In the shorter run though, asset prices are driven by money flows. If everyone decides to buy bitcoin, say, and there aren’t many bitcoins to buy, then the price will go up, regardless of the fundamentals.

And the reality is that markets don’t always focus on the long run in a sober and sensible manner. We’re all human, we all want to get rich quick (even those of us who know it’s a bad idea to think like that), and we’ll all chase a hot trend.

So, for want of a better word, “feelings” matter. Sometimes we let them get away with us. And in the stockmarket, that translates into assets being mispriced – either well above what they “should” be, or well below.

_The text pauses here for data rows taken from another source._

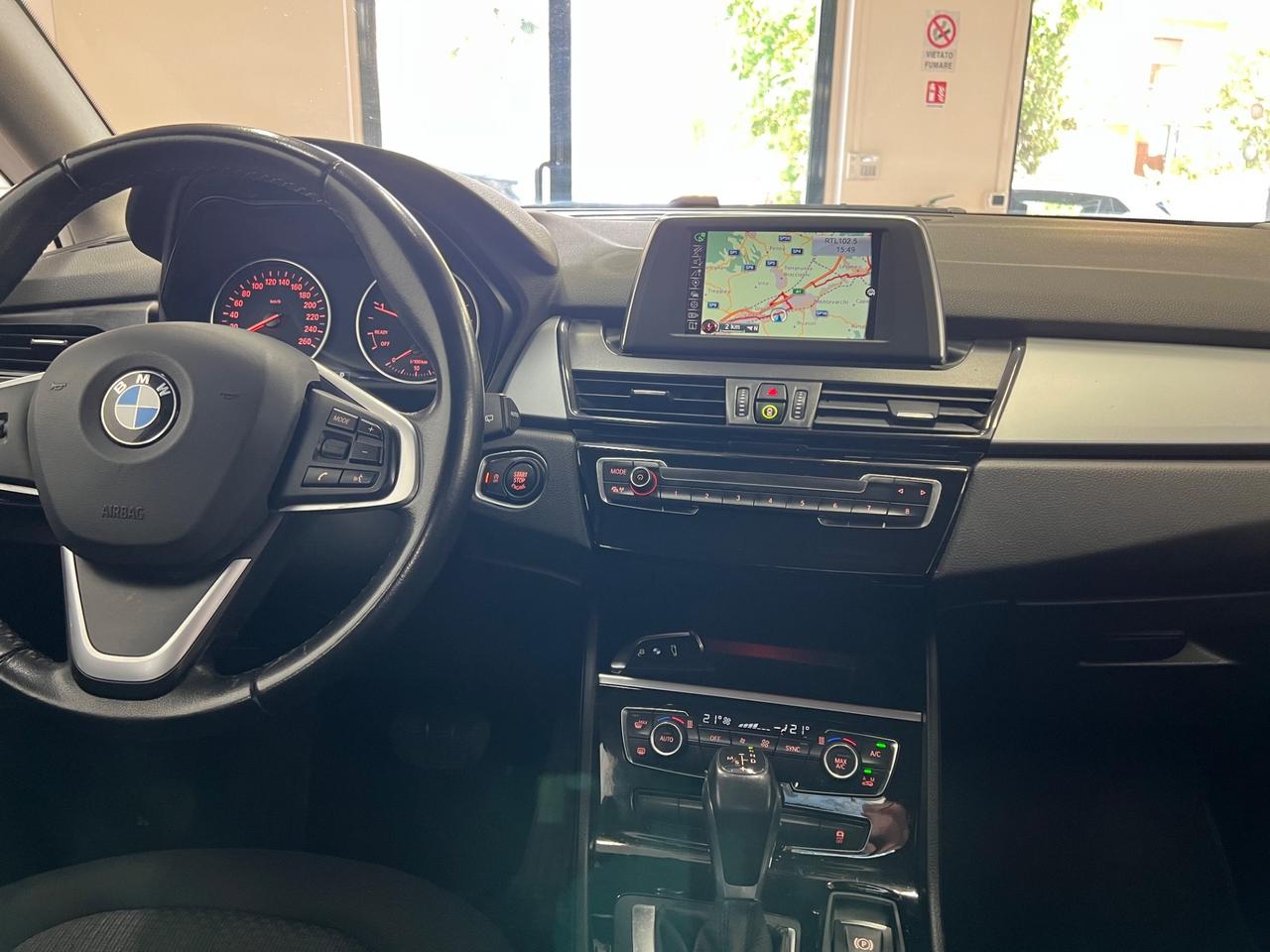 Bmw 2er Active Tourer 218d Advantage
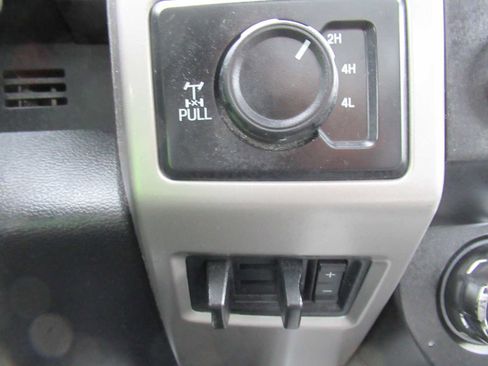 Used 2020 Ford F250 Lariat image 31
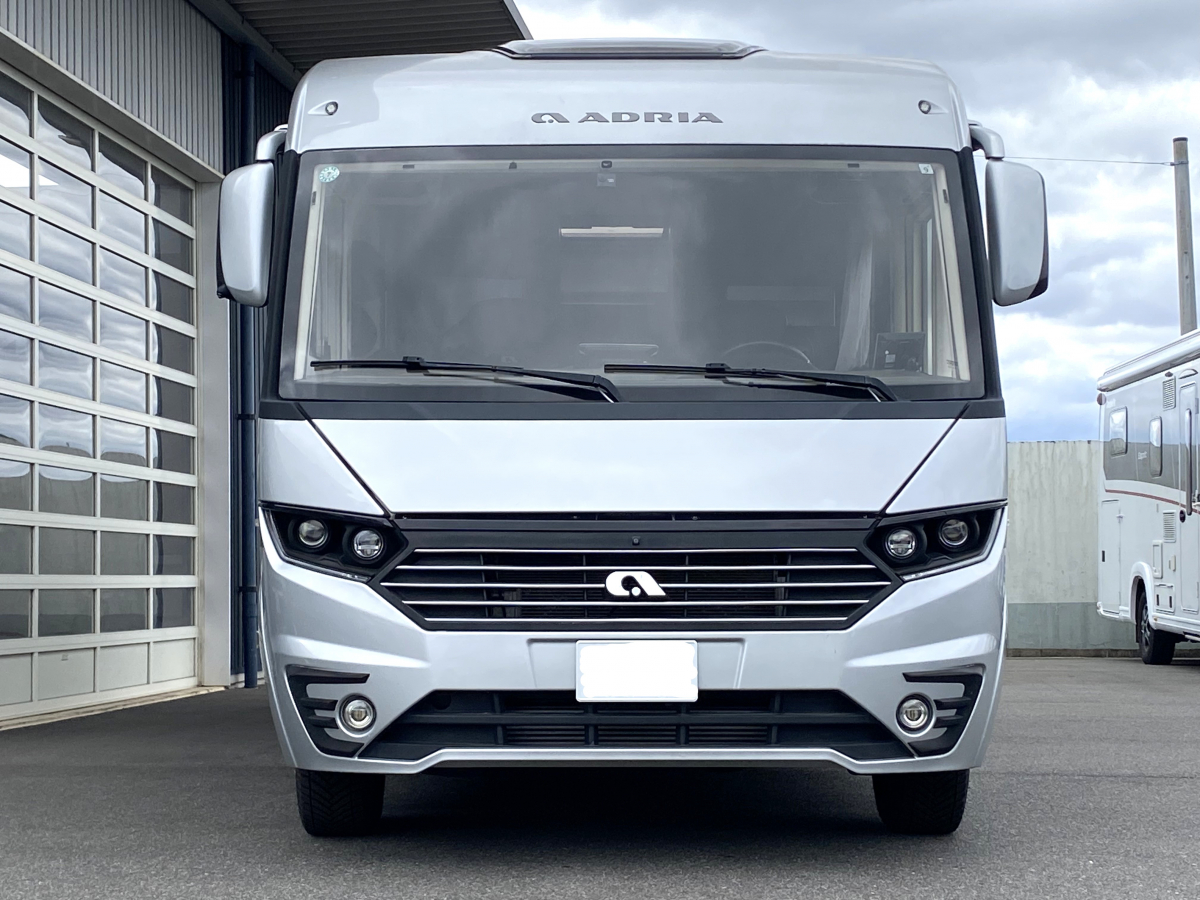 ADRIA SONIC SUPREME  走り出した瞬間、世界が広がる。圧倒的な視界と暮らす、モーター別荘、SONIC  SUPREME 710 SL。の画像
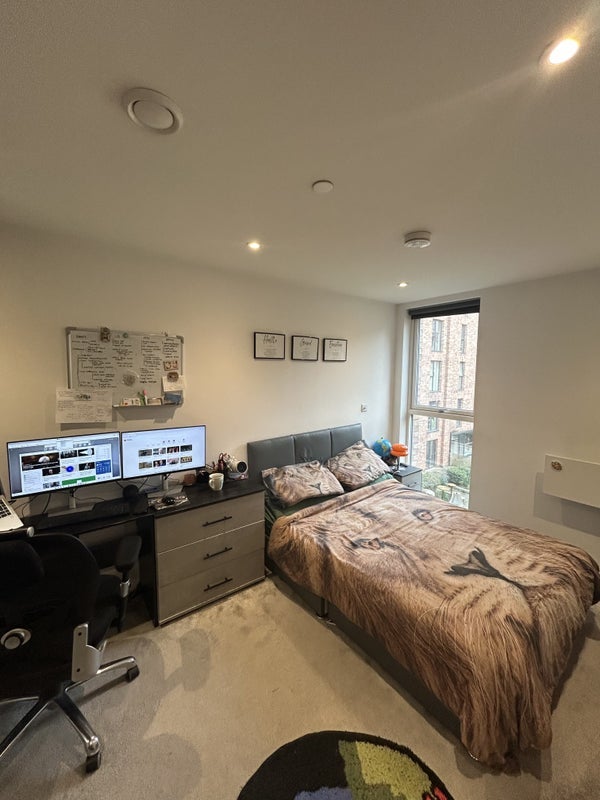 Flat Ordsall Lane in Salford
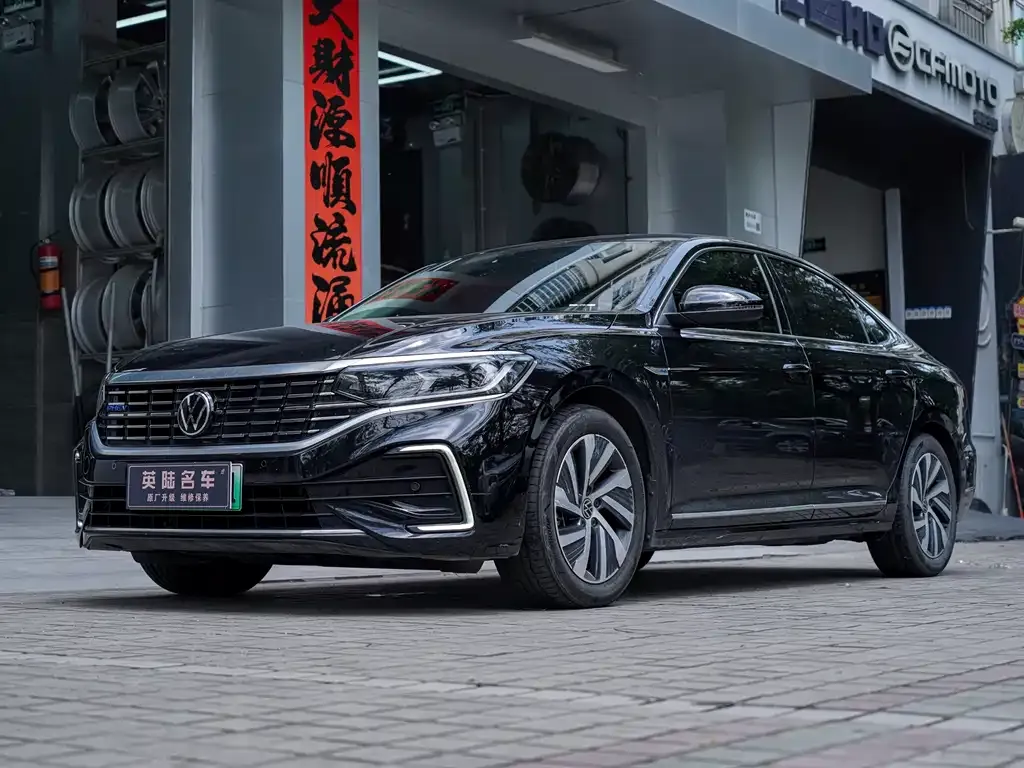 Volkswagen Passat New Energy — фото 1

The question is: how can we tell when investors are being overly excited or gloomy about a particular sector or market? That’s where sentiment comes in. You’re trying to capture the “mood” of the market to get a better idea of where the best opportunities might be.

The next question is: how do you measure it? There are lots of different ways, most of them more art than science. One of my favourites on the “art” side (though it’s really quite reliable) is the magazine cover indicator. This is the idea that an investment trend has probably run its course by the time it’s appearing on the covers of widely-read, general interest magazines.

It’s not because there’s anything wrong with the quality of reporting in these magazines, it’s the fact that once a trend gets big enough to escape the finance pages and land on the front of newspapers or generalist magazines, it means that there can’t be many people who are yet to hear about it.

In turn, that means the pool of buyers must be drying up. And that suggests a turn might be coming. (It’s the same for negative stories too – if you’re reading about the end of oil everywhere, it’s quite likely that the oil price is nearer a low than a high, for example.)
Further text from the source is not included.